**Supplied material**
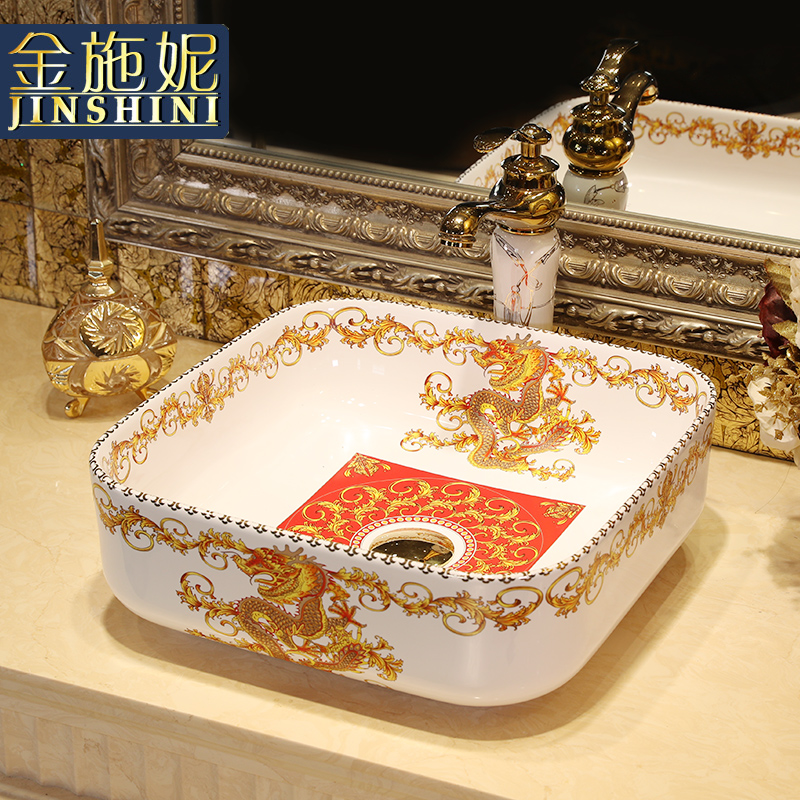 Gold cellnique stage basin of jingdezhen ceramic lavabo that defend bath lavatory basin square glass stones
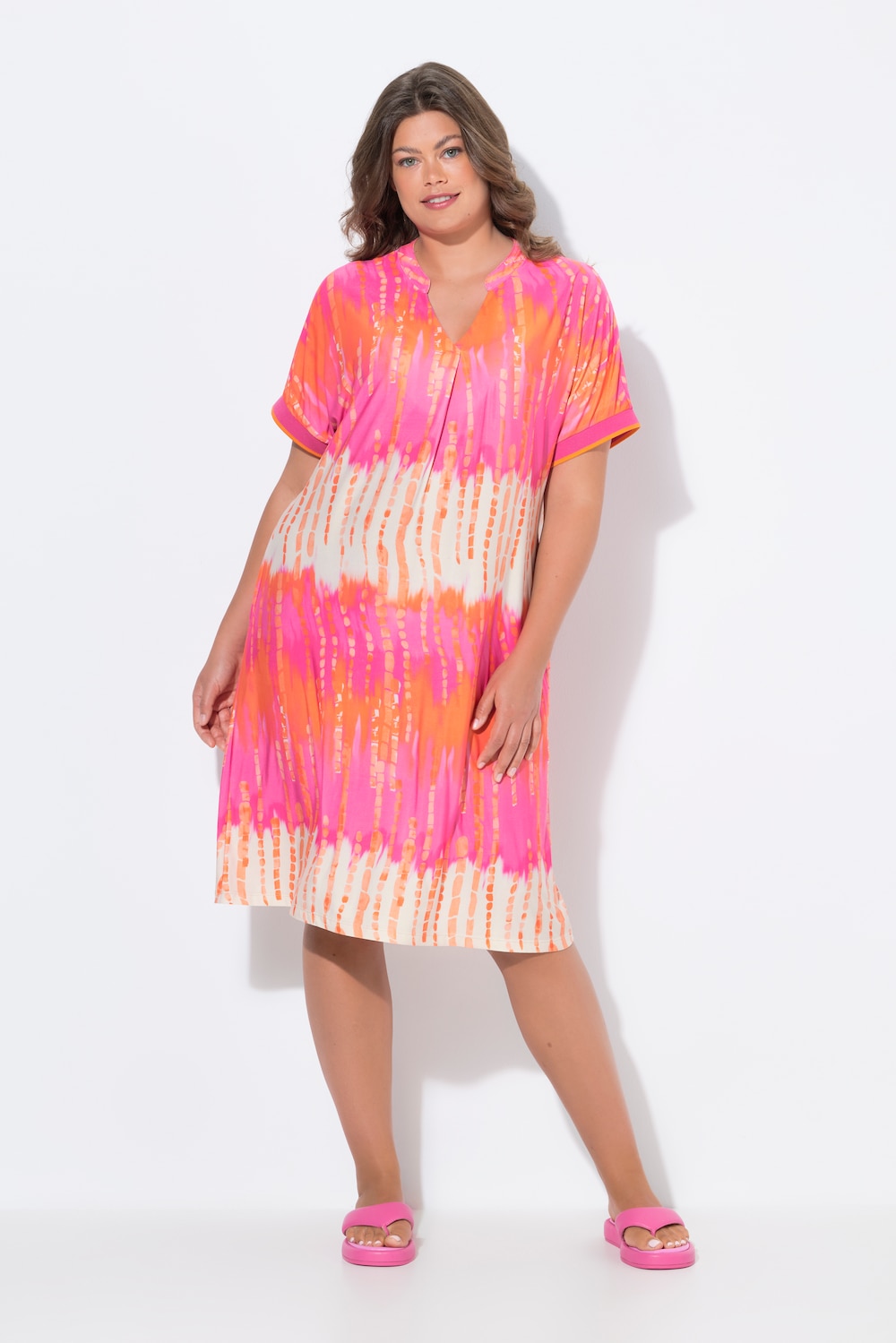 Große Größen Tunika-Kleid, Damen, rosa, Größe: 56/58, Polyester, LAURASON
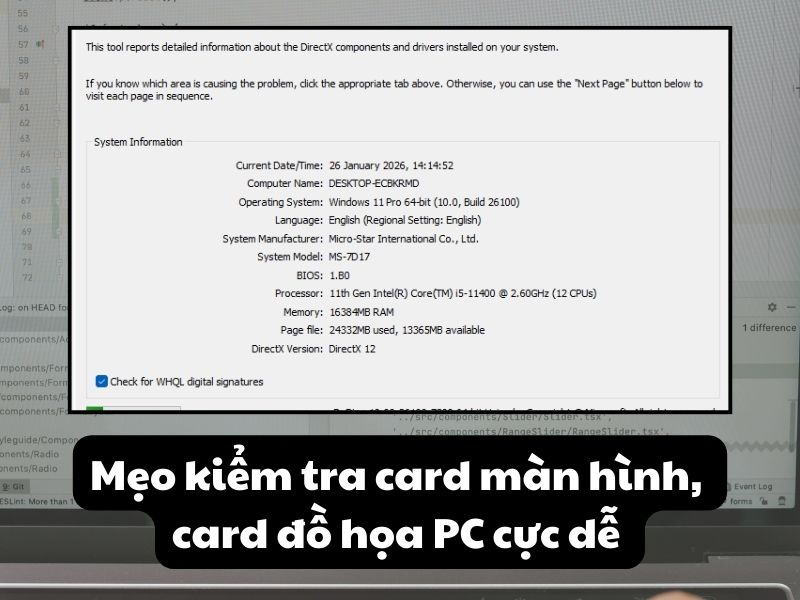 Mẹo kiểm tra card màn hình, card đồ họa PC cực dễ 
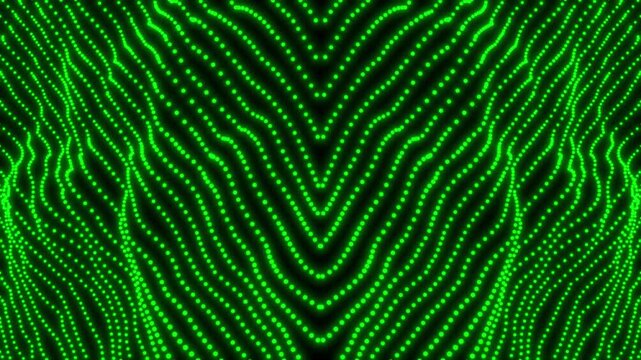 Abstract green digital particles forming a v-shaped pattern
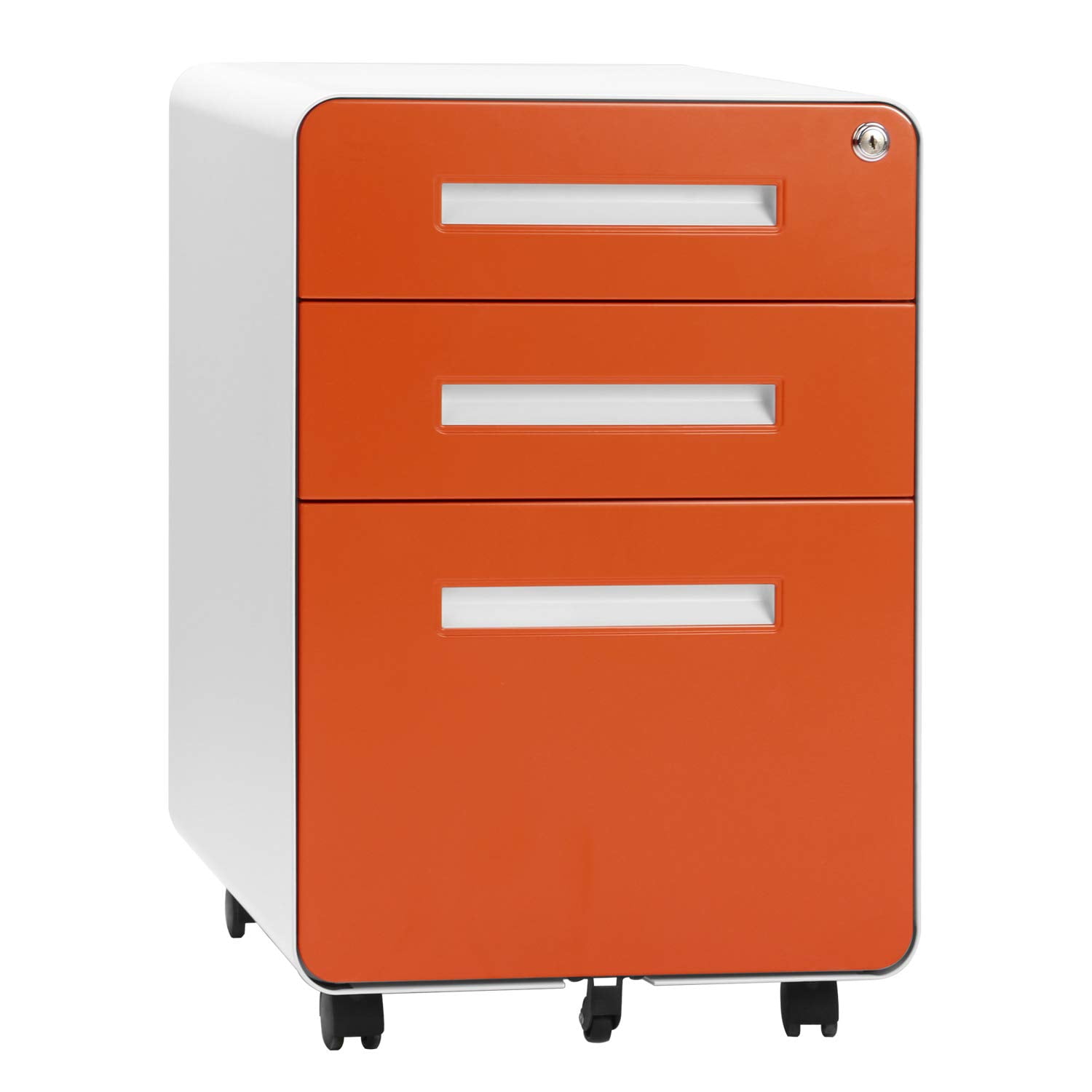 Locking Vertical File Cabinet for Office Metal Cabinet Metal Rolling Steel Filing Cabinet on Wheels File Cabinet with Lock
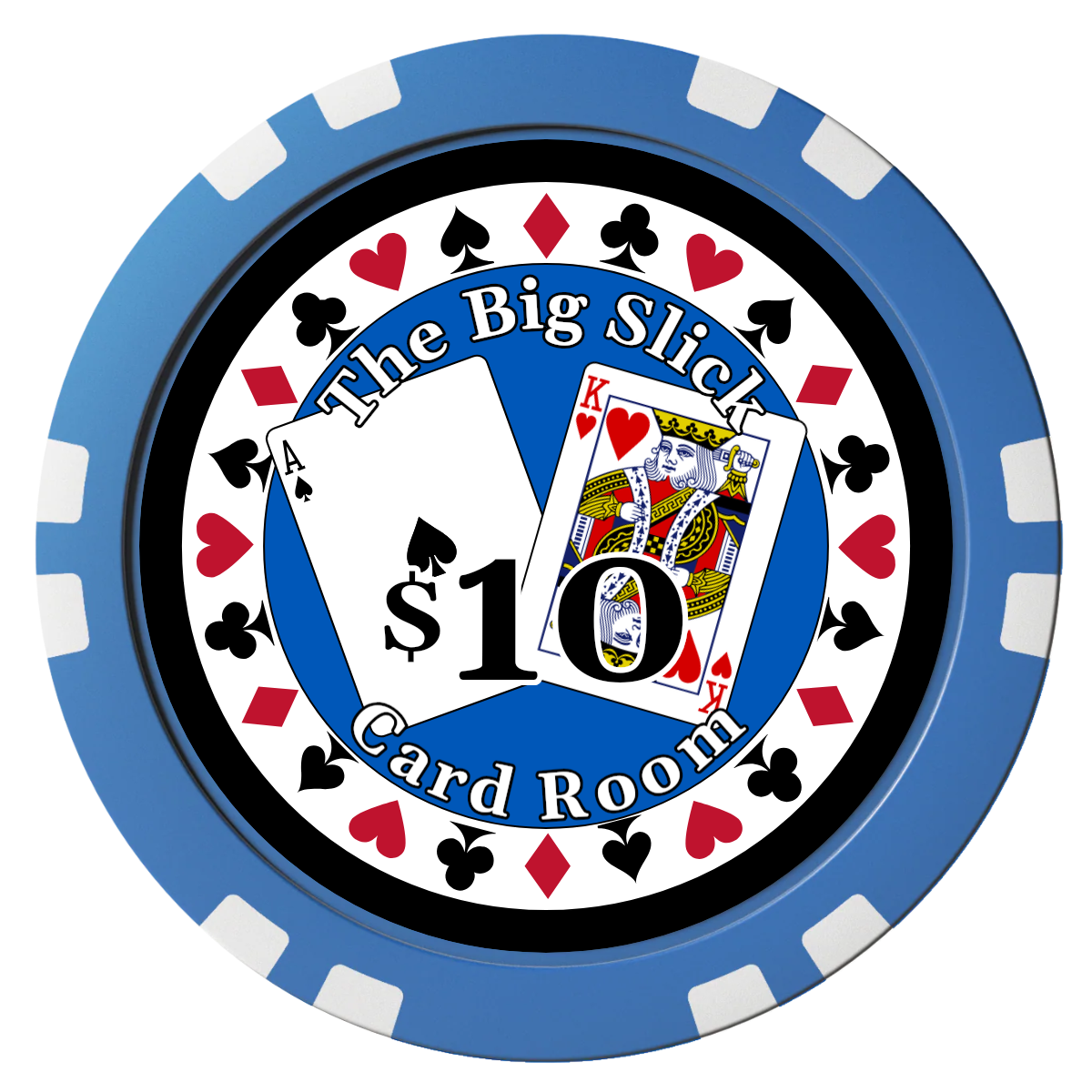 AK Big Slick Composite Poker Chips - Blue / Double Stripe - Front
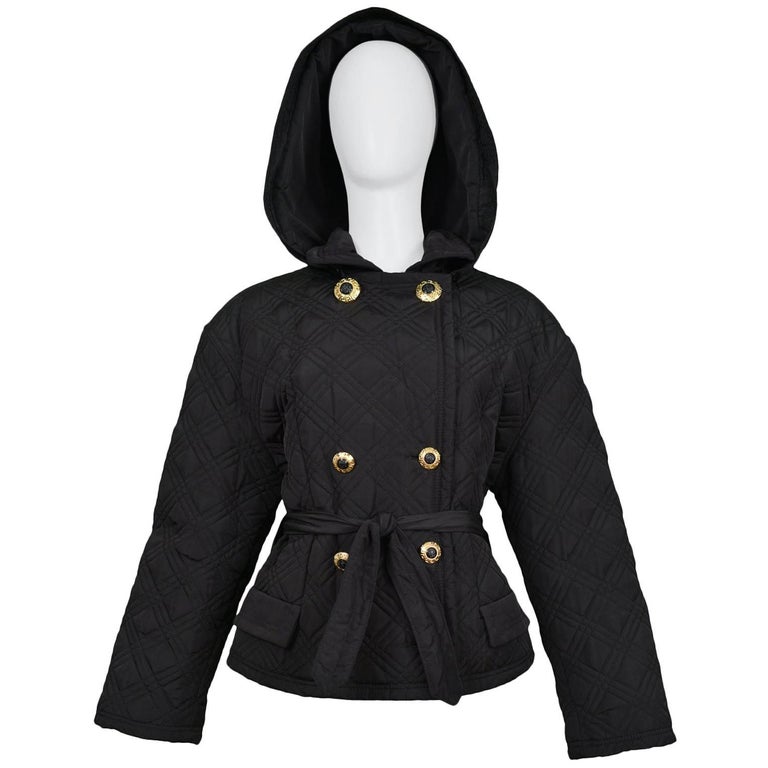 Gianni Versace Vintage Black Quilted Hooded Jacket with Gold Buttons
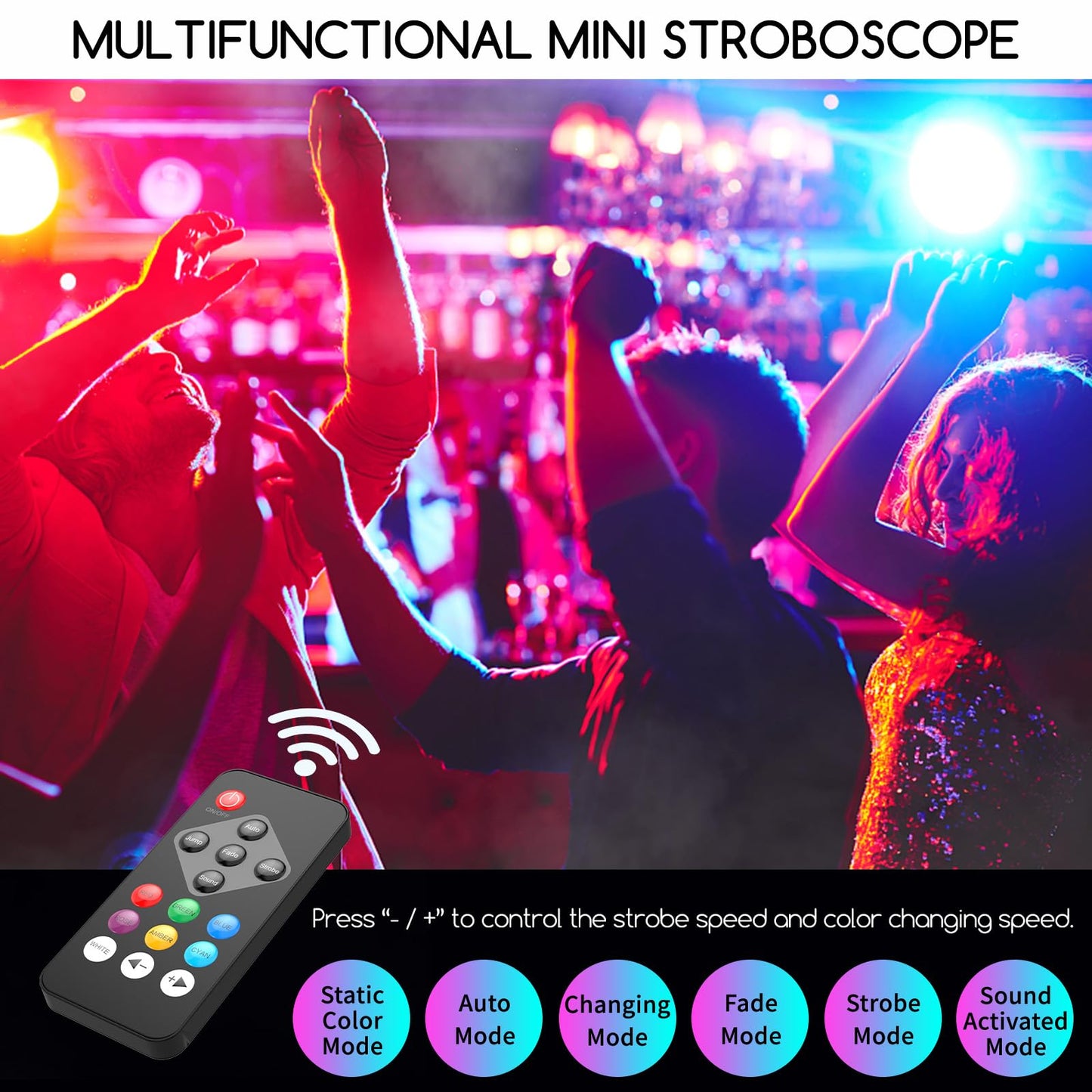 Telbum Strobe Lights, 54 Super-Bright RGB LEDs Mini Strobe Light for Parties, Halloween Strobe Lights with Remote Control, Sound Activated & Speed Control DJ Flashing Light for Room Stage Disco Party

**What to produce**
The reply should consist only of the lines from the top of the material above through the line with "Abstract green digital", printed exactly, pictures omitted.

**Response**
 Gold cellnique stage basin of jingdezhen ceramic lavabo that defend bath lavatory basin square glass stones
 Große Größen Tunika-Kleid, Damen, rosa, Größe: 56/58, Polyester, LAURASON
 Mẹo kiểm tra card màn hình, card đồ họa PC cực dễ 
 Abstract green digital particles forming a v-shaped pattern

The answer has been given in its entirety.